• ASSIGNMENT: Please return the full listing exactly as written, with the images removed.

• DATASET SECTION:
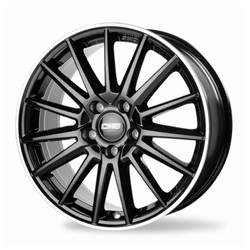 8.0X18" PCD 5X112 RC 1017 BLACK LIP DIAMOND ET43 66.6 mm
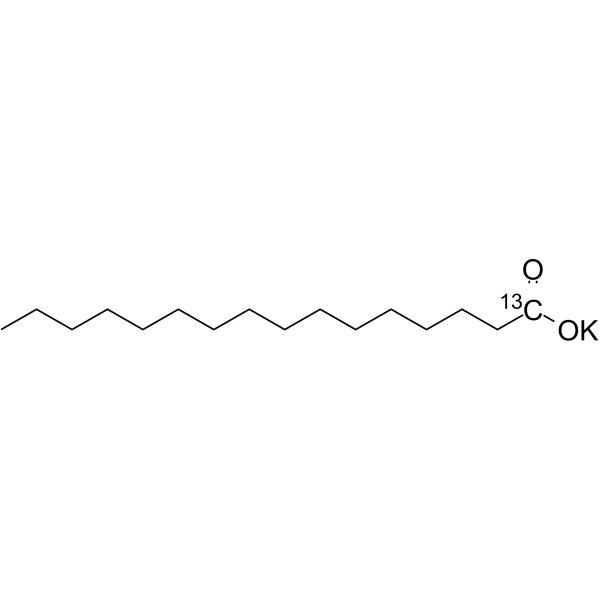 Hexadecanoate-13C potassium Chemical Structure Hexadecanoate-13C potassium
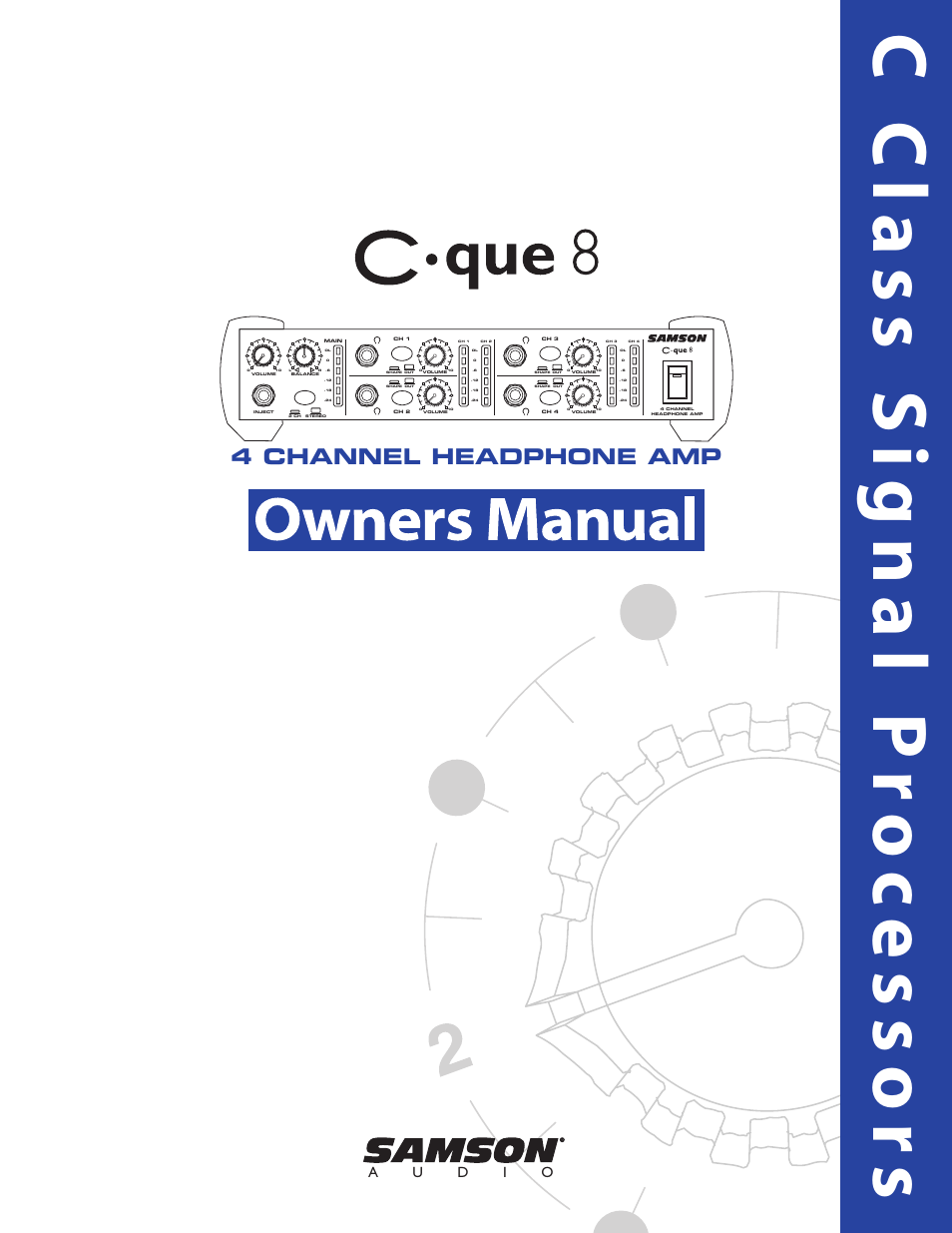 Samson Cque 8 User Manual | 20 pages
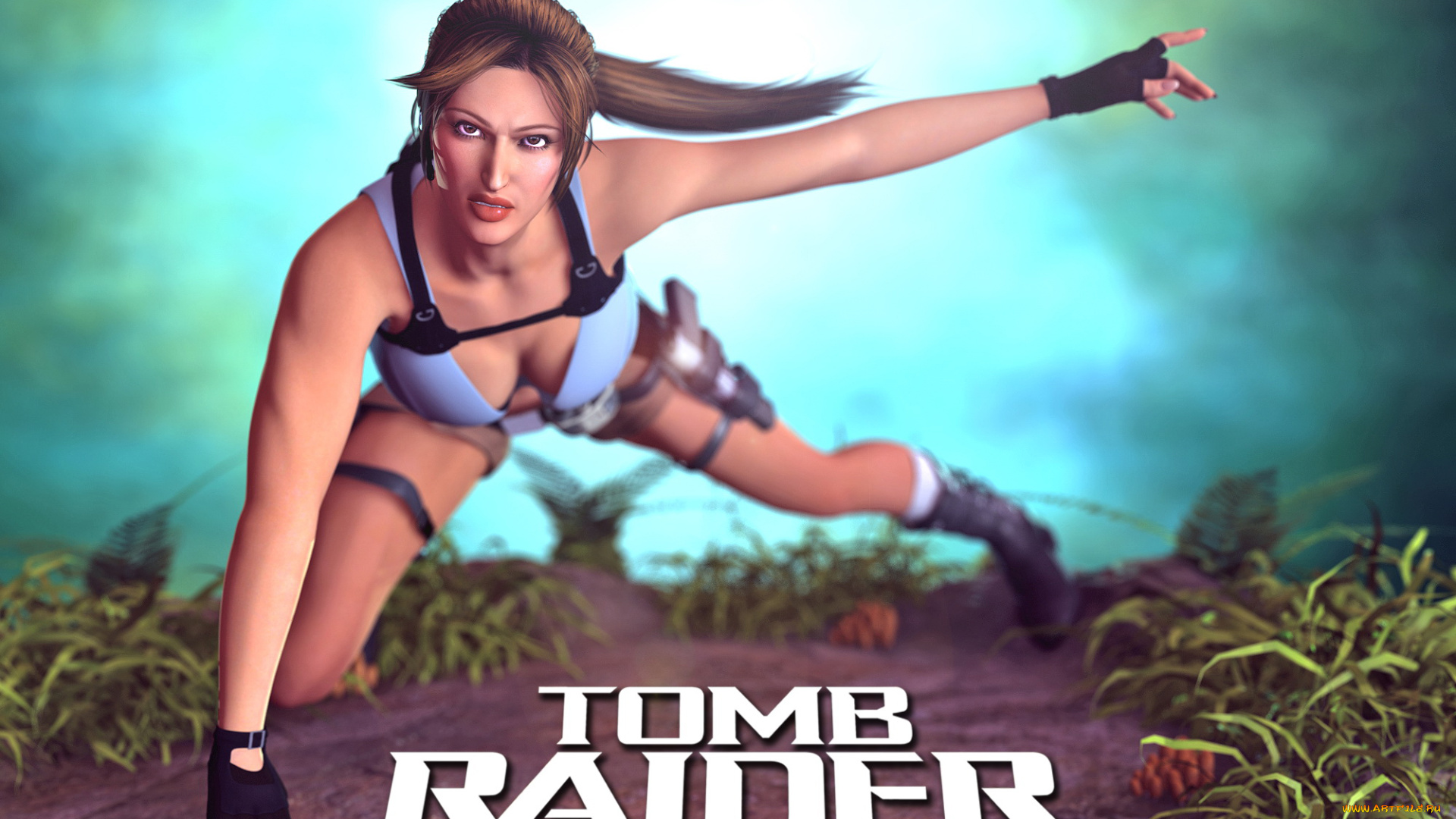 видео, игры, tomb, raider, 2013, фон, девушка, пистолет, взгляд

• EXERCISE RESPONSE:
 8.0X18" PCD 5X112 RC 1017 BLACK LIP DIAMOND ET43 66.6 mm
 Hexadecanoate-13C potassium Chemical Structure Hexadecanoate-13C potassium
 Samson Cque 8 User Manual | 20 pages
 видео, игры, tomb, raider, 2013, фон, девушка, пистолет, взгляд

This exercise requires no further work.